For Today executive producer Libby Leist, throwing the concerts are a no-brainer. "We have a unique position in the city," she explains from the show's newsroom in between segments. "We have such an advantage with Rockefeller Center right outside our studio to create these moments. Putting it together -- the music, location and tide of the show, it all makes it very special."
In the preceding years, Today has churned out a host of memorable performances, many with artists at the apex of their careers, from Lady Gaga crooning in the rain in 2010 for a record crowd of 20,000 and thrashing around on the white, wet stage to Lin-Manuel Miranda and Jennifer Lopez teaming up for a 2016 tribute to the victims of the Pulse nightclub shooting in Orlando. "One of my personal favorites was when we did a Bad Boy reunion and had Diddy and Busta Rhymes," says Leist of the 2016 season opener. "Our staff was going crazy because a lot of us grew up with that music. Also, whenever you have a pure singer, someone like Miley Cyrus or Adele, you get to feel that soul and I love those kinds of performances."

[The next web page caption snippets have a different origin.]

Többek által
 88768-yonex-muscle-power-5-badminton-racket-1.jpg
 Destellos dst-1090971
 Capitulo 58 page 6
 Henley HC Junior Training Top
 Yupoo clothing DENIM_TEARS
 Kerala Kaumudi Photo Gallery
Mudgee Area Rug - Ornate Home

Of course, when the whims of Mother Nature are at play, not everything goes exactly according to plan. Leist remembers a recent concert which took place on the road at the Indianapolis 500, a rare musical foray outside of Rockefeller Center. "We were really excited and we got ambitious," she remembers of inviting Sheryl Crow to perform in honor of the military charity Hidden Heroes. "But at 5:30 in the morning, it started biblically raining and it was one of those situations where we were saying, 'What are going to do?'" As a result, the team moved Crow's piano into a garage off the racetrack, but the weather miraculously cleared by the time her performance was set to kick off at 7:45. "You never want to say that it's definitely not going to happen. So you just adapt as you can, and work with the technical crews to try to figure out what is physically possible. Whenever you want to do something outside, you take the risk."
For Bosner, NBC has been her professional home for the entirety of her career which, in fact, was inspired by a Today visit. "I came to the plaza from Cleveland, Ohio when I was 10 and spoke to Al Roker," she remembers during some downtime in a nearby greenroom as the Jonas Brothers wrap up their morning with an in-studio interview. "I told my mom that day we visited that I wanted to work at the Today show." Starting out as a page, she joined Today in 2010 and later took over the booking reigns from longtime staffer Julie Gurovitsch in 2015 when she made the switch to The Tonight Show Starring Jimmy Fallon. "Julie gave me some pointers and I was handed a half-booked summer concert series," says Bosner of the baptism by fire.
Quickly acclimating herself to the show, these days she wakes up around 5am on concert mornings and sleeps with her phone on ring just in case. "Load-in starts around midnight and the stage is set up overnight," she says. "There are always those weeks in April and May where I'm like, 'Are we going to pull it off again?' But, of course, the lineup always comes through," she explains. "Every Friday isn't about us, it's about our viewers at home and those people who traveled across the country to see the show in person. Maybe this is the only trip to New York they'll ever have, and this is something they'll always remember. By 9am, the stage outside is gone and we're already thinking about the next one."